A Windowed Farm may have an offset parameter, which may create overlapping regions among two windows. This aspect is also managed by the emitter, that drops items or keeps duplicates, according to what scenario the offset size generates (depending on whether the offset is smaller, equal or greater than the window size). Again, in constructing the Windowed Farm, care has been taken for properly dealing with optional values, which are used to denote the end-of-stream event.

The Stream filter pattern applies a filter over the items in the input stream, such that only those items satisfying the filter pass to the output stream. The filter is computed in parallel using a FastFlow Farm. Despite rather straightforward, an ad hoc Farm has been created to reproduce this behavior in FastFlow, to properly deal with presence/absence of output item delivery by farm workers depending on the evaluation of the filter predicate on the corresponding input items.

The Stream iteration pattern applies a transformation to a data item in a loop fashion, until a given condition is satisfied. When the condition is met, the result is sent to the output stream. This pattern has been implemented again using an specialization of ff_node_t.

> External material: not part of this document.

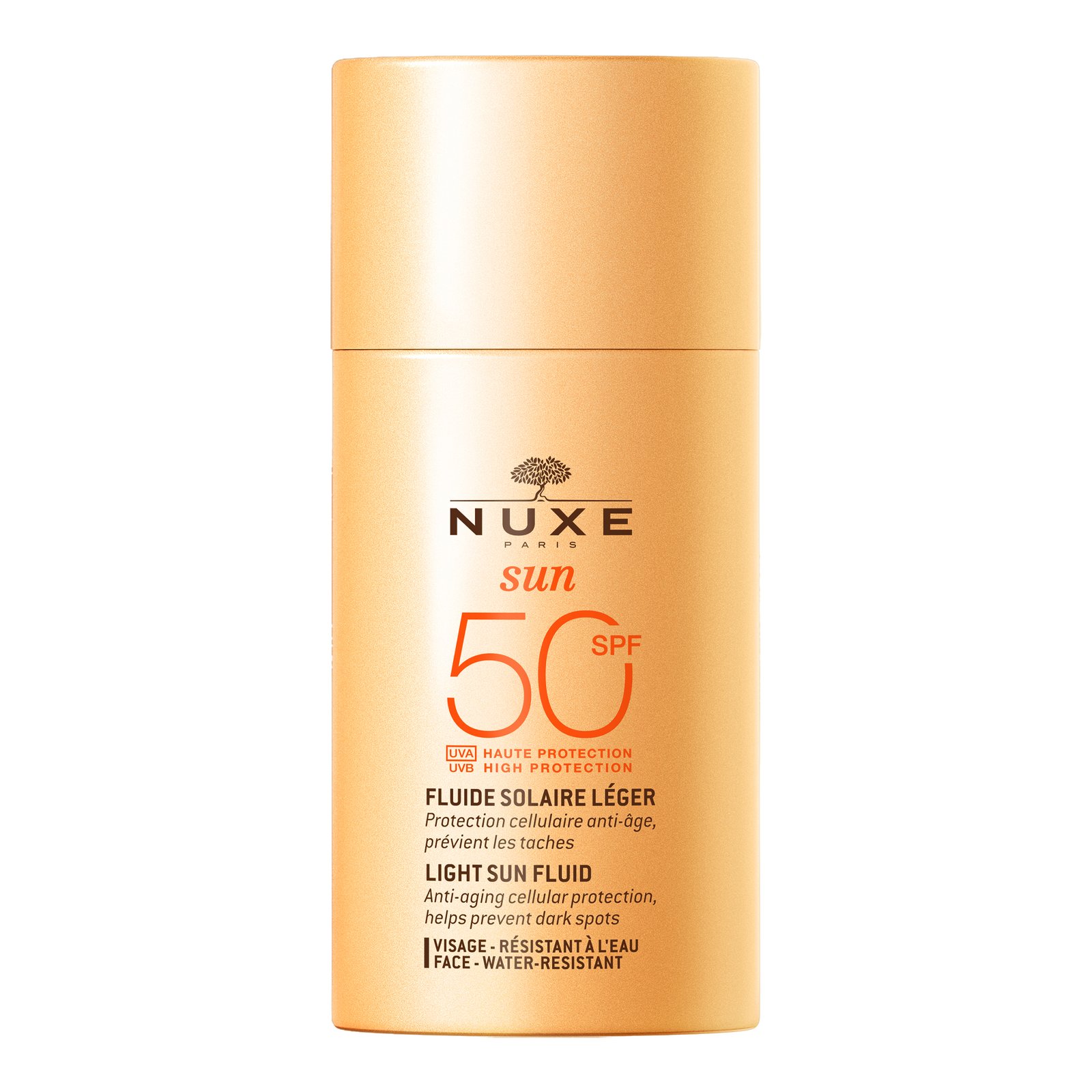 NUXE SUN ECRAN FLUIDE LEGERE SPF50+ 50 ML - Image 1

4.2.3 Task-parallel patterns

GrPPI provides a Divide-and-Conquer (DAC) pattern, which applies a multi-branched recursion to break down a problem into several sub-problems, until the base case is reached: at this point distinct sub-problems can be solved in parallel and their solutions merged to form the definitive one. GrPPI comes with two interfaces for calling the DAC pattern, where one of them allows to explicitly pass the Predicate function that leads the divide phase, rather than implicitly use it in the Divide function body.

FastFlow provides a DAC pattern, whose interface requires the Predicate condition for the base case to be explicitly passed as a pure function: this perfectly matches GrPPI; thus, the implementation is rather easy and only requires proper deduction of the output type.

5 Experimental evaluation

In this section, we perform an experimental evaluation of the Map, Reduce, Stencil and Farm in order to compare the patterns’ scalability among the different GrPPI backends, the new FastFlow backend and using directly the FastFlow programming framework. Additionally, we have evaluated the programmability in terms of lines of code (LOC) and cyclomatic complexity.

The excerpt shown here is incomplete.